Deshalb ist unser Dorf jetzt sowas wie Dahlem in Berlin für mich geworden. Ich fühle mich wie in einem Stadtteil einer größeren Stadt, in der ich auch mindestens eine halbe Stunde unterwegs bin, bis ich in die jeweils angesagten Szenekieze komme. Wenn ich in Leipzig bin, auch da muss ich wenn ich ins Gewandhaus möchte mit der Straßenbahn fahren. Da wohnt niemand mehr in der Innenstadt, es gibt Stadtbereiche, da kann man noch zu Fuß ins Zentrum kommen, aber so viele sind das auch nicht mehr. 


Subjektiv habe ich das Gefühl, dass durch die S-Bahn Heilbronn, aber auch Schwäbisch Hall näher an mich herangerückt ist. Wenn ich inzwischen nachts vom Singen oder Spielen mit dem Auto zurück ins Dorf fahre, kommt es mir richtig weit weg vor. Dabei verlaufen die Straßen und die S-Bahn fast parallel. Wenn ich allerdings nach Neckarsulm fahren müßte mit den öffentlichen Verkehrsmitteln, dann käme mir die Distanz bedeutend länger vor, da es keinen Direktweg dort hin gibt, alles führt über die Innenstadt von Heilbronn. Also fällt die Wahl auf das Auto, für diese Direktion. Dafür steht man morgens, wenn man nach Neckarsulm rein möchte im Stau. 

Es kommt also darauf an, wo man hinmöchte, dementsprechend wird das Verkehrsmittel gewählt und die Strecke als nah oder sehr weit entfernt wahrgenommen.
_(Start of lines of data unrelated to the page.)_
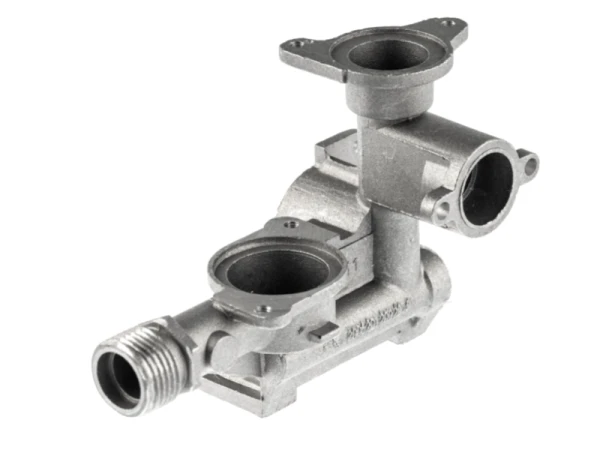 Водогазовый узел для котлов Thermex T 20 D, артикул 904800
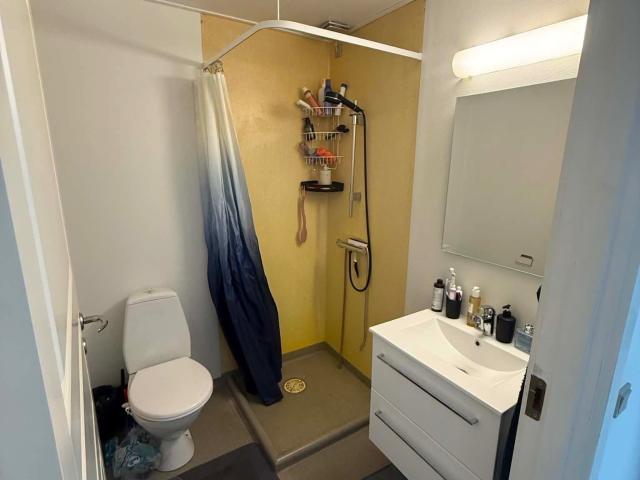 3 værelses lejlighed på 66 m²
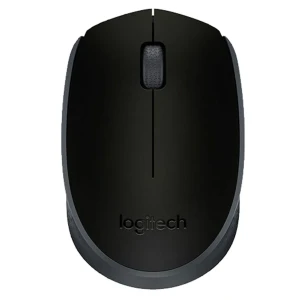 Logitech M171 Wireless Mouse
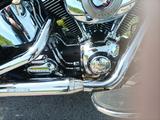Harley-Davidson Heritage Softail classic - HARLEY-DAVIDSON SOFTAIL CLASSIC HERITAGE
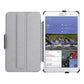 Trust Stile Folio Case Cover with Stand for Samsung Galaxy Tab Pro 8.4" 19968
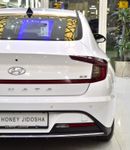 هيونداي سوناتا EXCELLENT DEAL for our Hyundai Sonata 2.5 ( 2023 Model ) in White Color GCC Specs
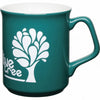 pantone matched mugs | Adband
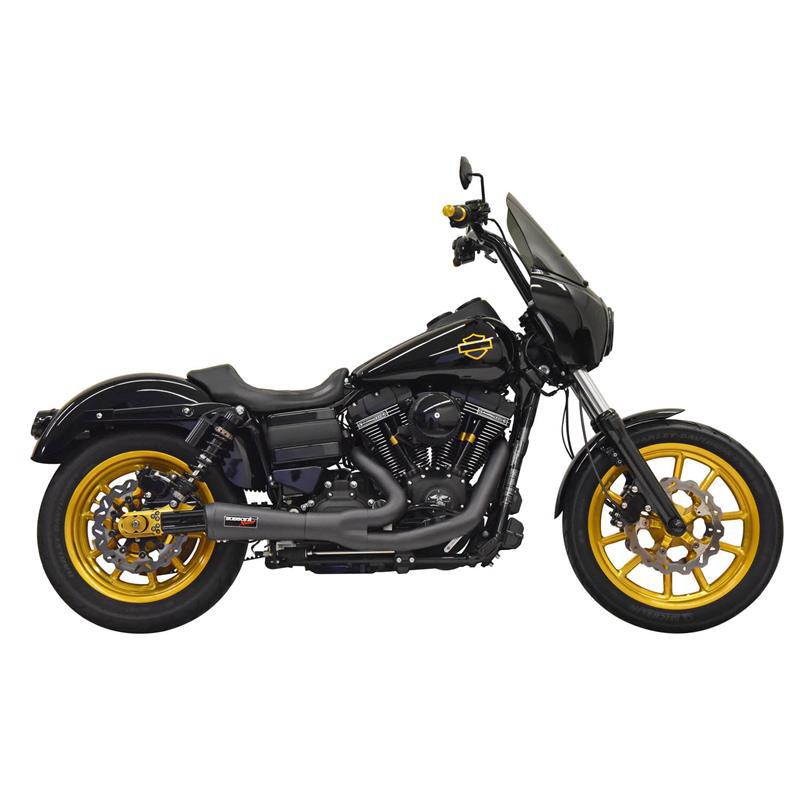 その他 Bassani The Ripper ロードレイジ・ショートタイプ 2-1フル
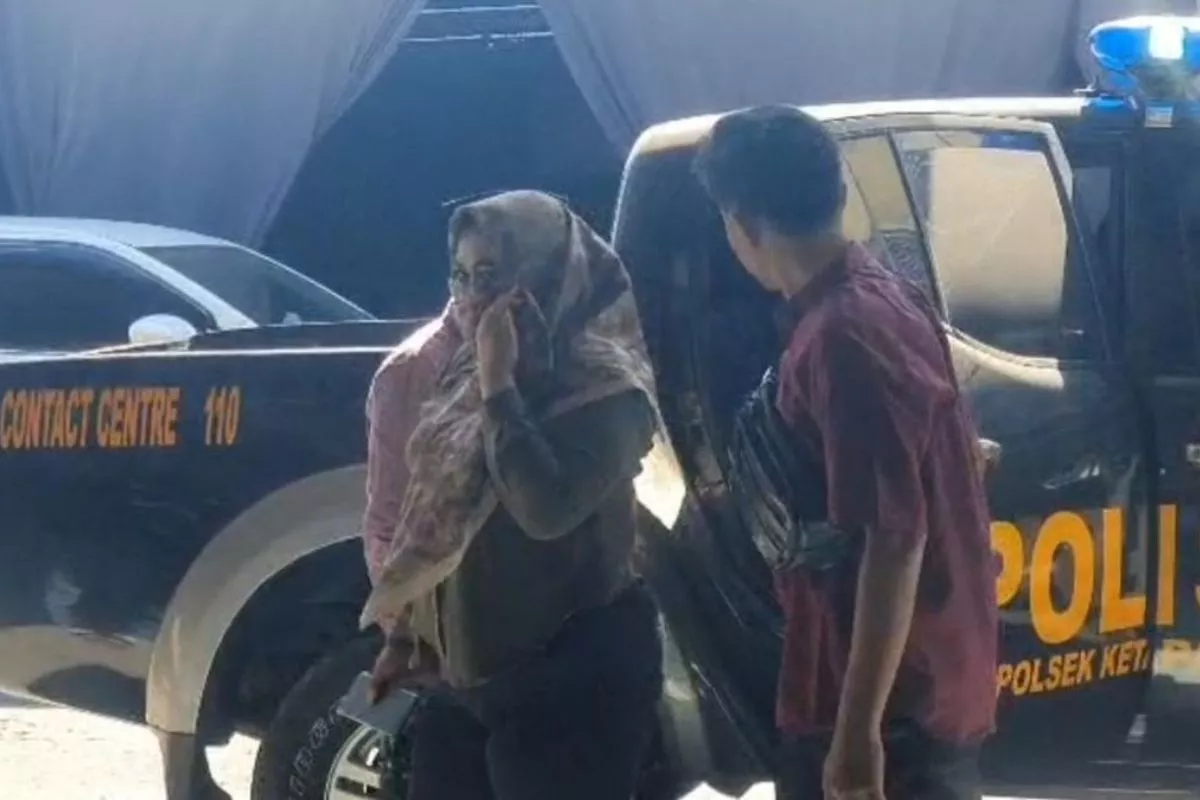 Kini Kasus Pengeroyokan Wanita di Sampang Naik ke Tahap Penyidikan
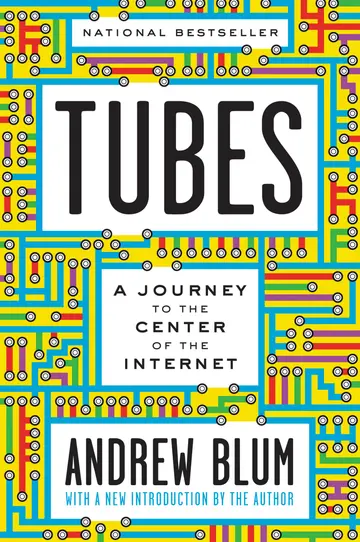 Cover of Tubes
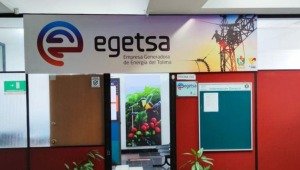 Diputados piden liquidar a Egetsa ante bajos resultados en su gestión 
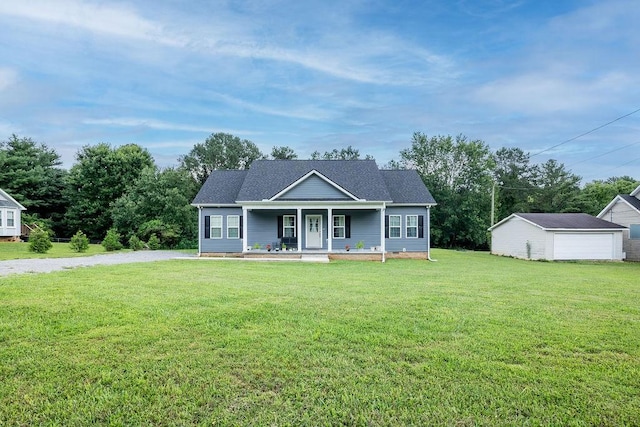 582 Hennessee Ave, Morrison, TN 37357 - photo 4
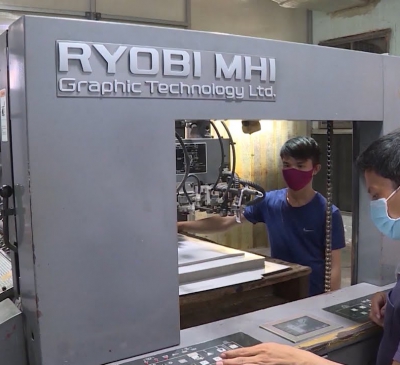 Đồng Nai: Doanh nghiệp FDI đầu tư hơn 1,66 tỷ USD vào sản xuất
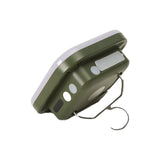 Lanterne magnétique à intensité variable 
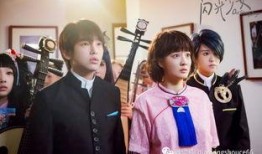 闪光少女 在线观看,青春旋律，梦想闪耀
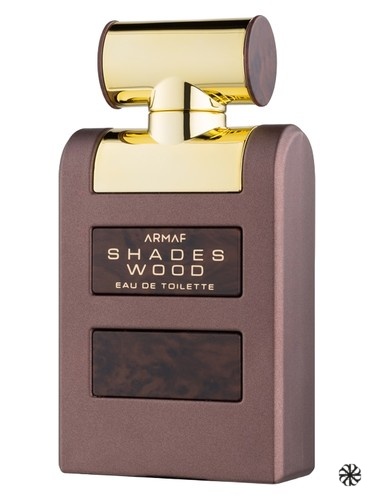 Shades Wood Armaf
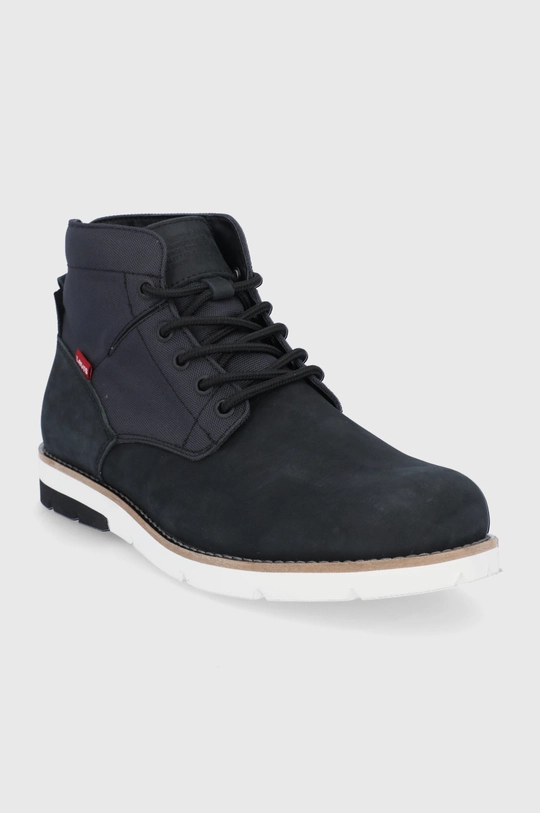 Levi's Buty czarny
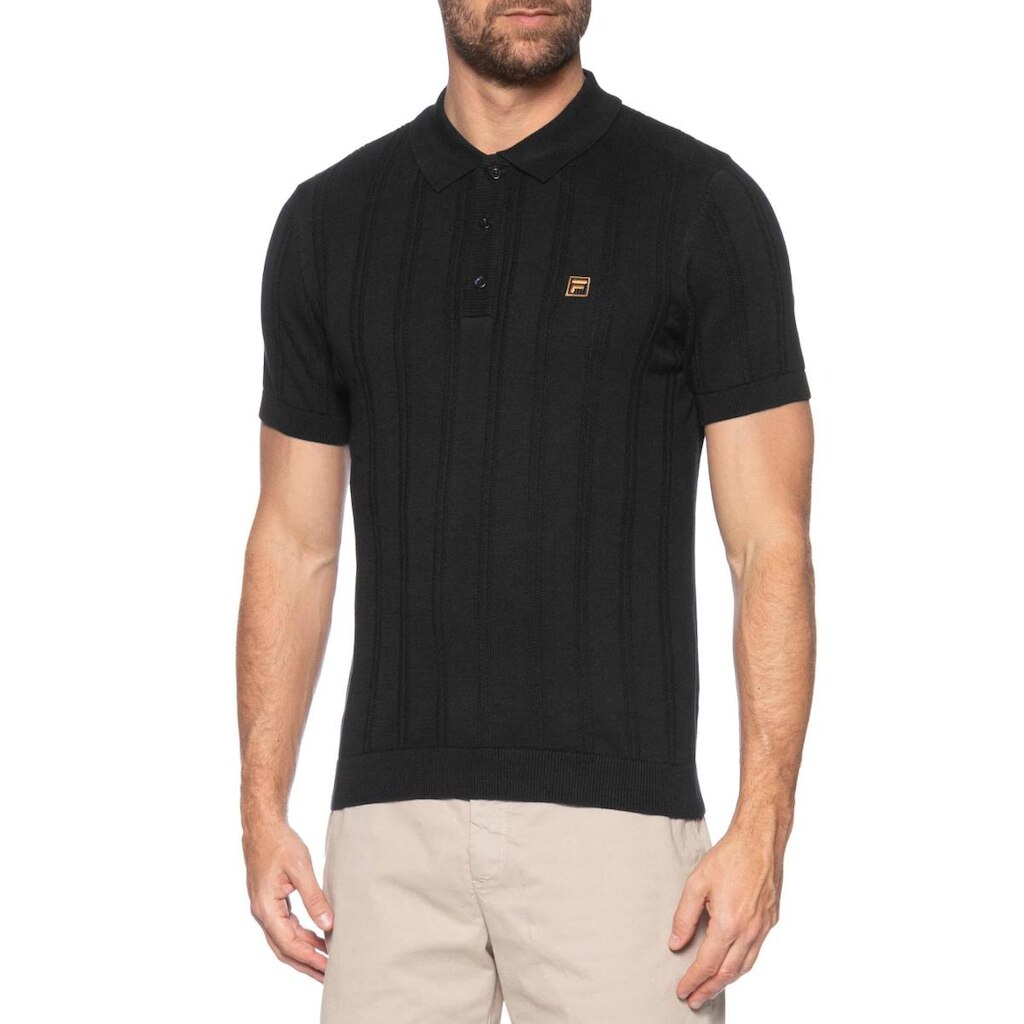 Polo Fila Kennedy Masculina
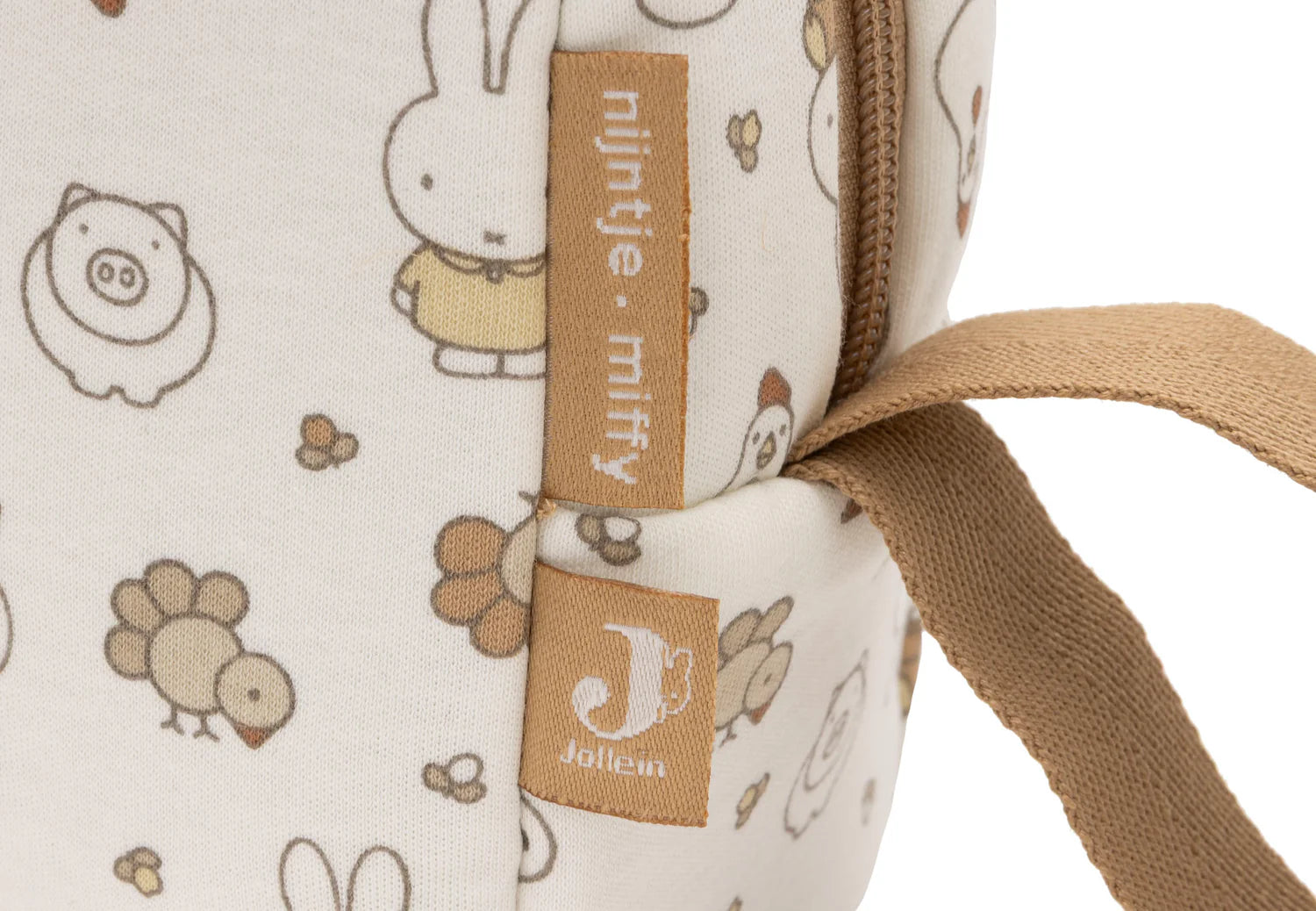 Beutel - Miffy Family Farm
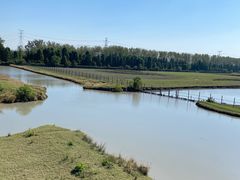 -溱湖国家湿地公园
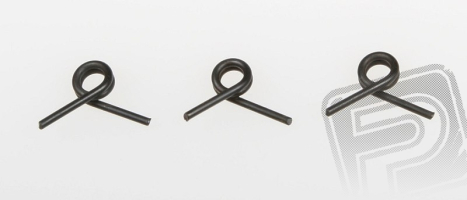Pružinky spojky (1,0mm), ST-1, ER-1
Dazu kommt, dass meine Orientierung sich verändert hat, weg von den kleineren Städten, die ein beschränktes Angebot haben, wieder hin zu den größeren Städten, wo mehr Auswahl geboten wird. 

Das liegt jetzt nicht nur an den Öffis, vielleicht auch an meinem nicht mehr vorhandenen Familienstand und meinem Alter. Da zieht es einen doch wieder mehr in die Städte, weil dort das Angebot auch für ältere größer ist. Kino, Theater, Musik, Parks, Einkaufen, Kneipen, alles was der Zerstreuung dient.

Einiges davon bietet auch Heilbronn.